The Department for Education has this week published its new strategy designed to improve the use of technology in education. The document outlines some of the challenges that the education sector faces and promotes the role of technology in tackling some of them by increasing efficiency, supporting excellent teaching and improving student outcomes.
The Department for Education has committed to supporting the use of technology in education through looking to address barriers to adoption and providing £10m to support innovation in the sector. The strategy looks to address issues such as connectivity, digital capability and skills, getting the right tools and promoting online safety. The aim is to have full-fibre internet connectivity in the schools that need it most, support and training for schools in how to use the technology, and to explore how to facilitate a better online marketplace for education.

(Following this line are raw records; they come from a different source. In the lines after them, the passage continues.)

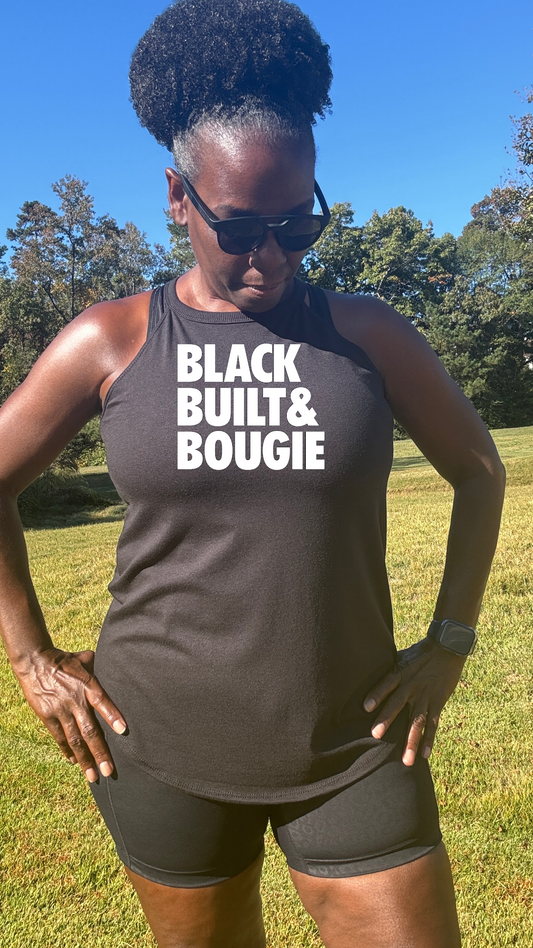 Black Built Bougie Rocker Tank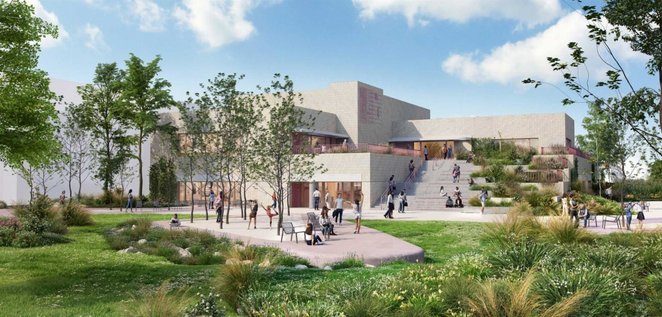 Najważniejszym elementem infrastruktury publicznej ma być jednak nowoczesny młodzieżowy dom kultury.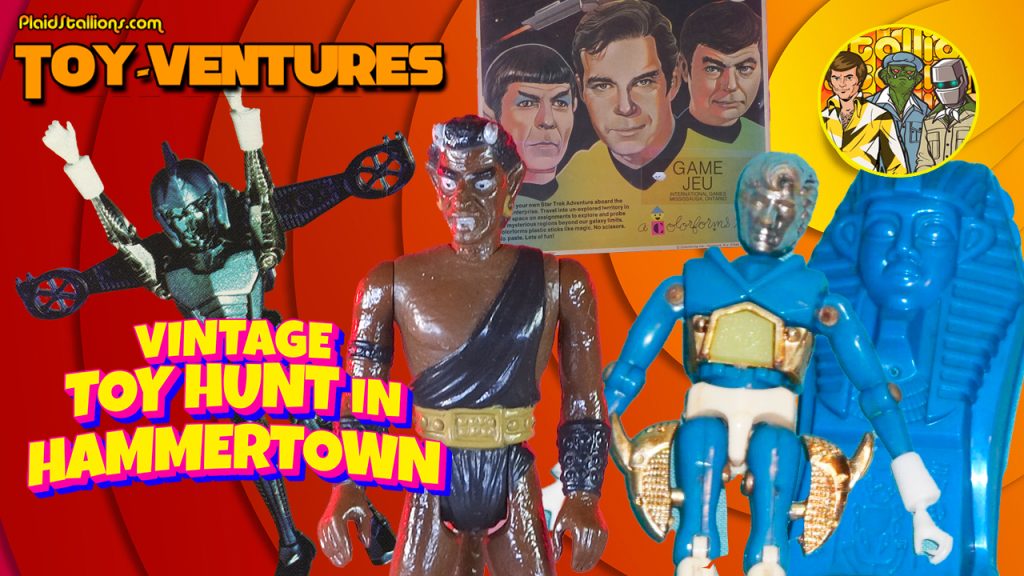 Toy-Ventures : Vintage Toy Hunt in Hammer Town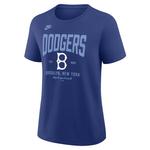 Nike Women's Los Angeles Dodgers Cooperstown Collection Inning T-Shirt - Thumbnail 1 of 3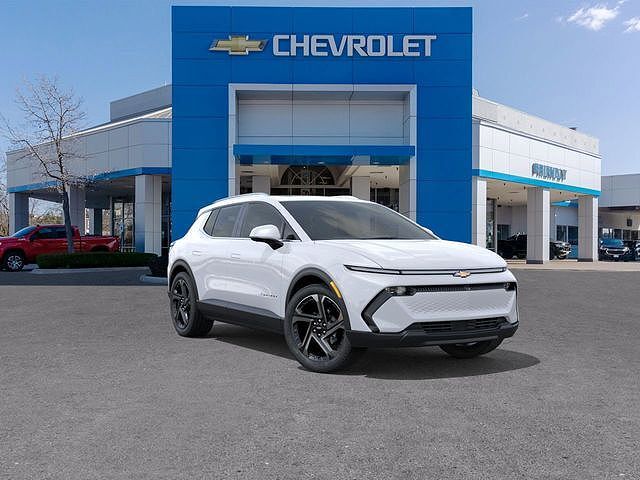 2026 CHEVROLET Equinox EV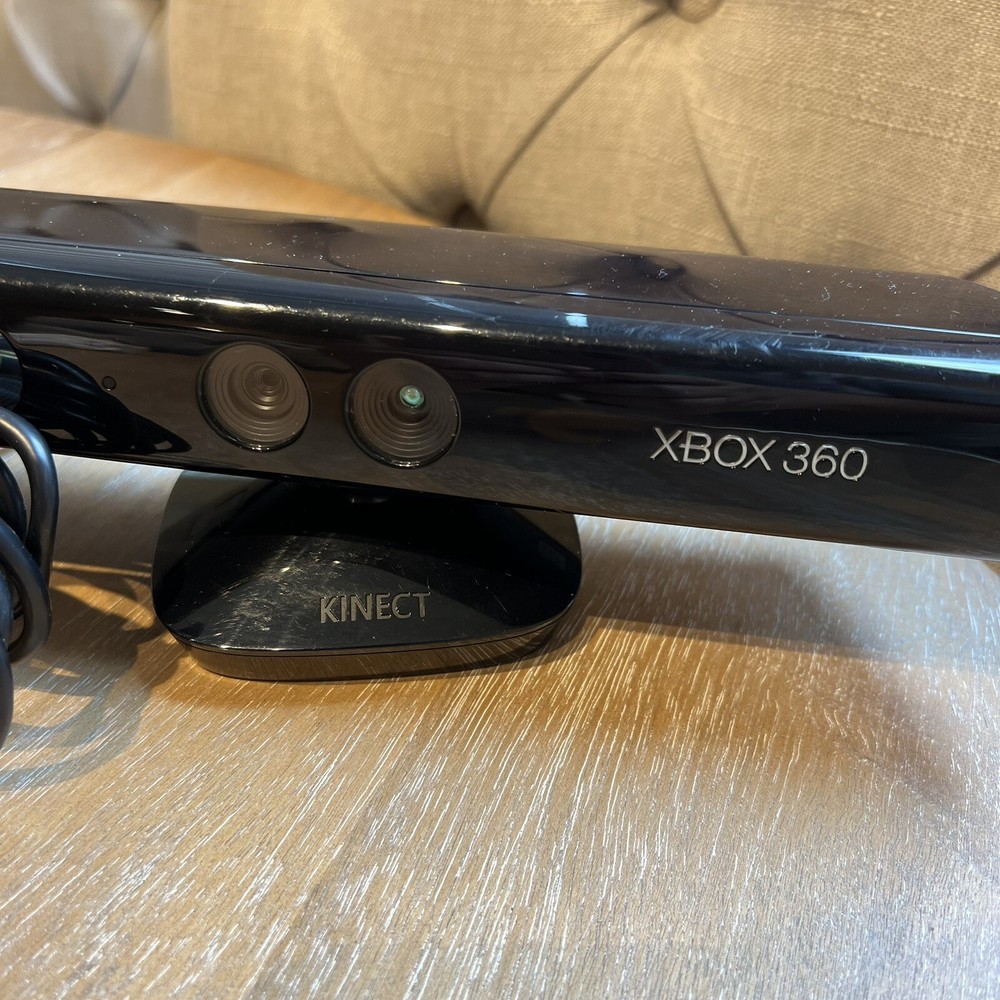 Microsoft 1414 Xbox 360 Kinect Sensor Bar Only - Black Model
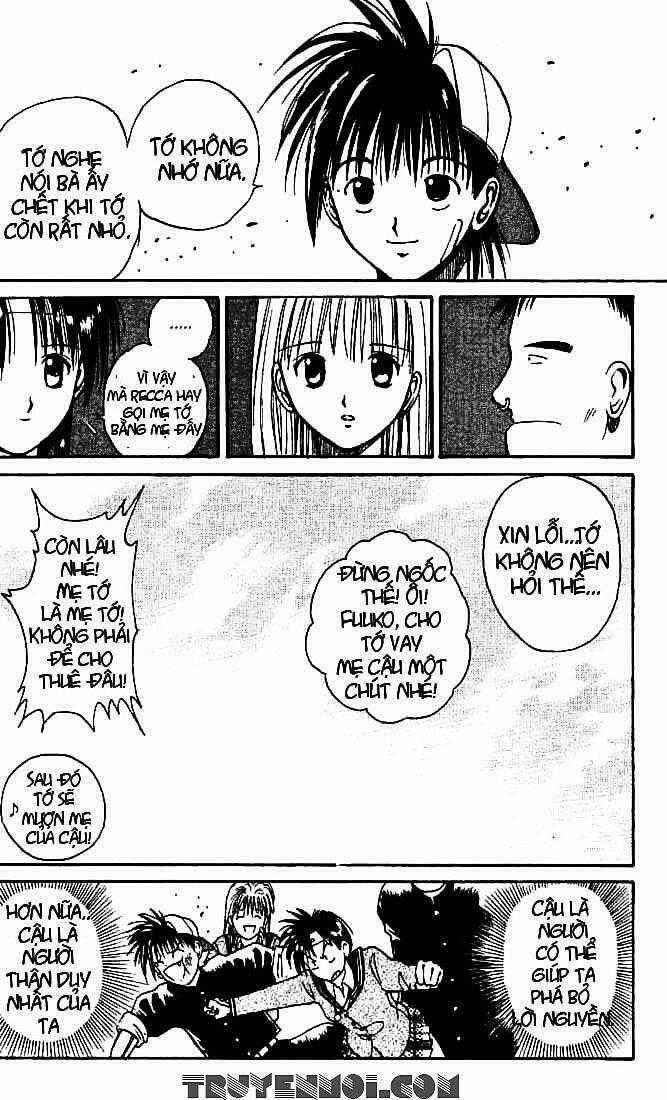 Ngọn Lửa Recca Chapter 9 trang 17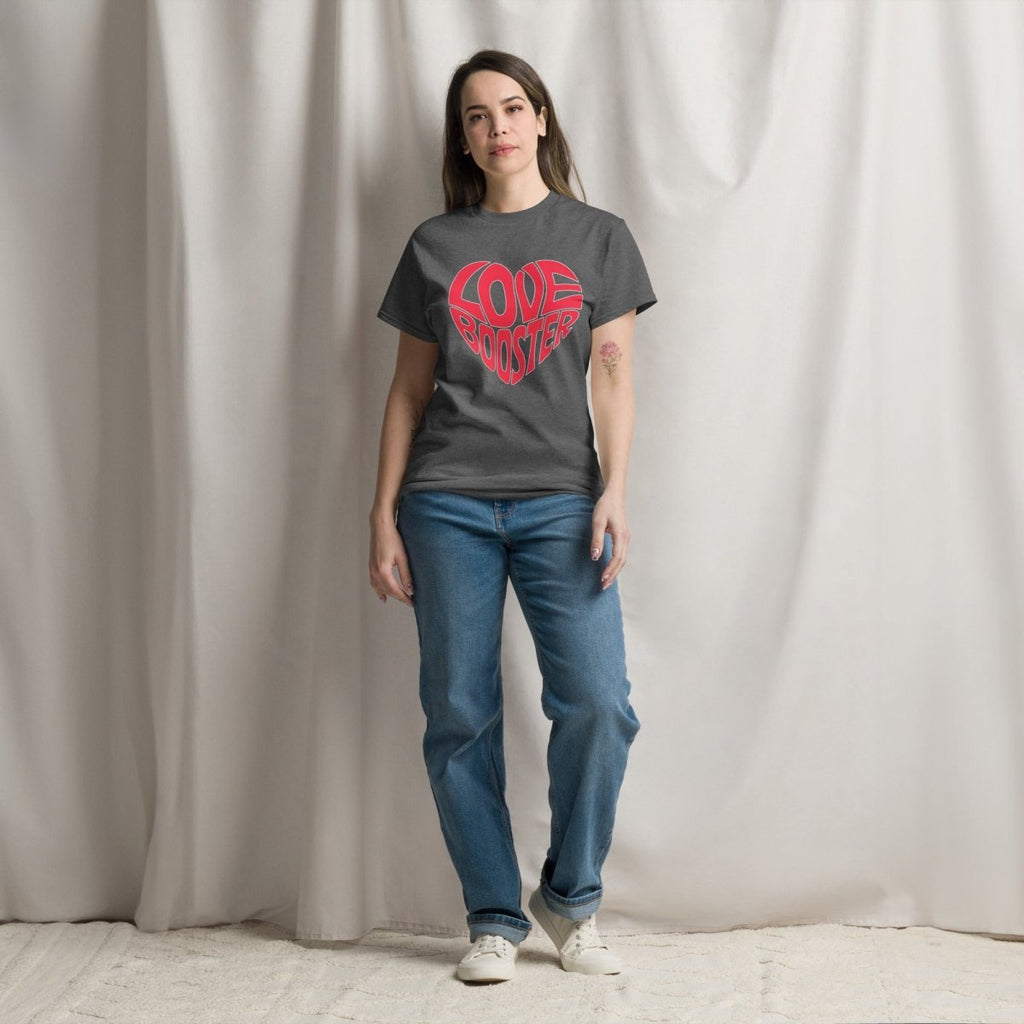 Unisex T-Shirt "Booster" - Streetwear - size_range | Black Ursus
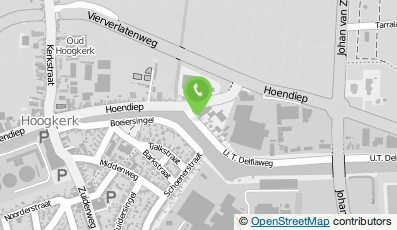 Bekijk kaart van Bouwbedrijf Eldering B.V.  in Groningen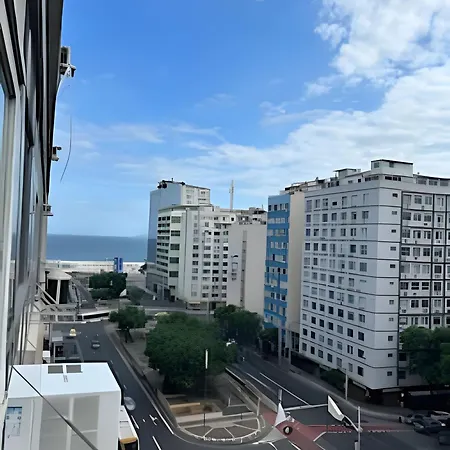 Apartamento Em Copacabana Com Vista Lateral Do Mar Rio de Janeiro Exterior foto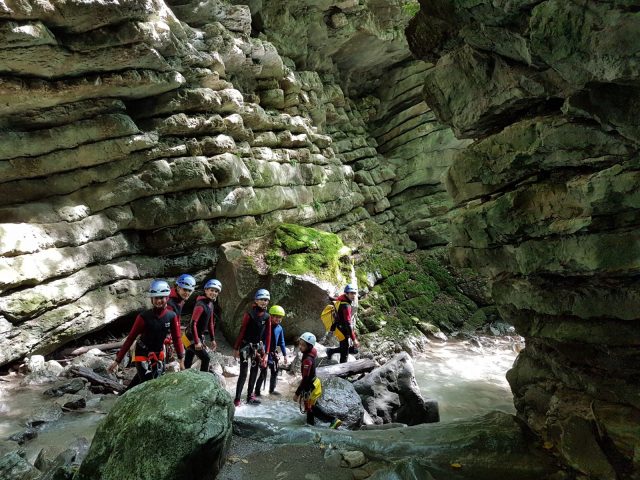 Canyoning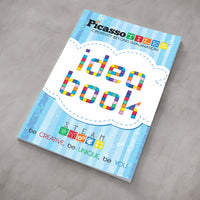 PicassoTiles IDEA Book for Toy Magnet Tiles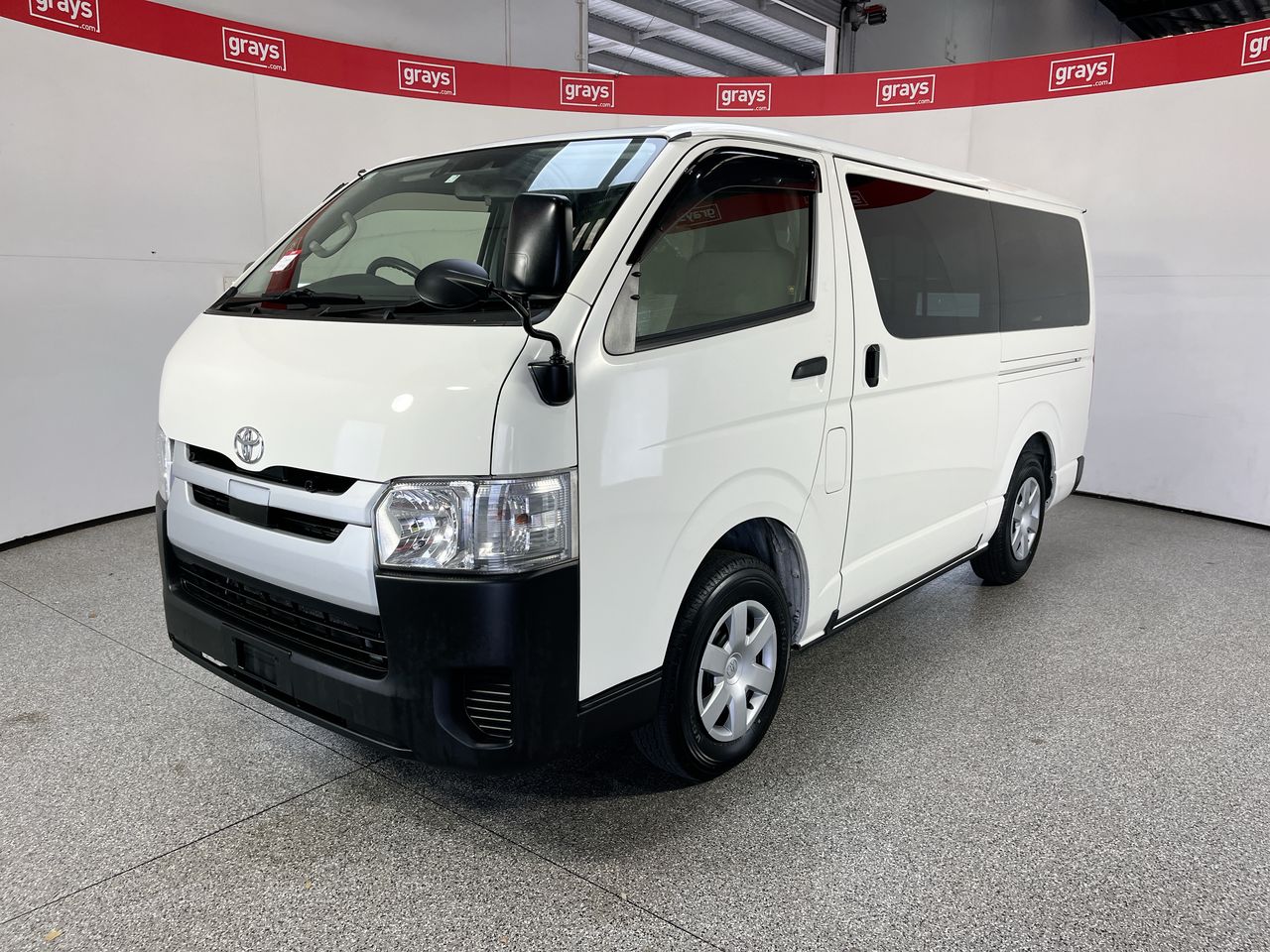 2019 Toyota Hiace (import) Automatic Van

Generating a vibrant and high-quality EdTech market is key to ensuring this strategy works. Helping start-ups scale has been identified as a significant barrier so the department will look to support the EdTech industry to work collaboratively with the needs of the education system to drive innovation. They will set out a clear ambition, create new opportunities for buyers to meet sellers and ensure EdTech businesses can access the finance they need to start up and scale.
The DfE commits to establishing:
- A small ‘testbed’ of schools and colleges to support the development, piloting and evaluation of technology;
- A series of innovation competitions to promote product development in areas where the existing market offer is not yet well developed. We expect that the winning bidders will work in partnership with the education sector and evaluators to help build our understanding of what works;
- Leading ‘demonstrator’ schools and colleges to exemplify how these technologies can be used to best effect, and which build on existing good practice in the sector.
Moreover, a new EdTech Leadership Group made up of representatives across the education sector and industry will continue to drive this agenda forward and aim to produce an EdTech agreement by the end of the year. Through this strategy teachers, education leaders and lecturers should start benefiting from technology and realise it’s potential in education.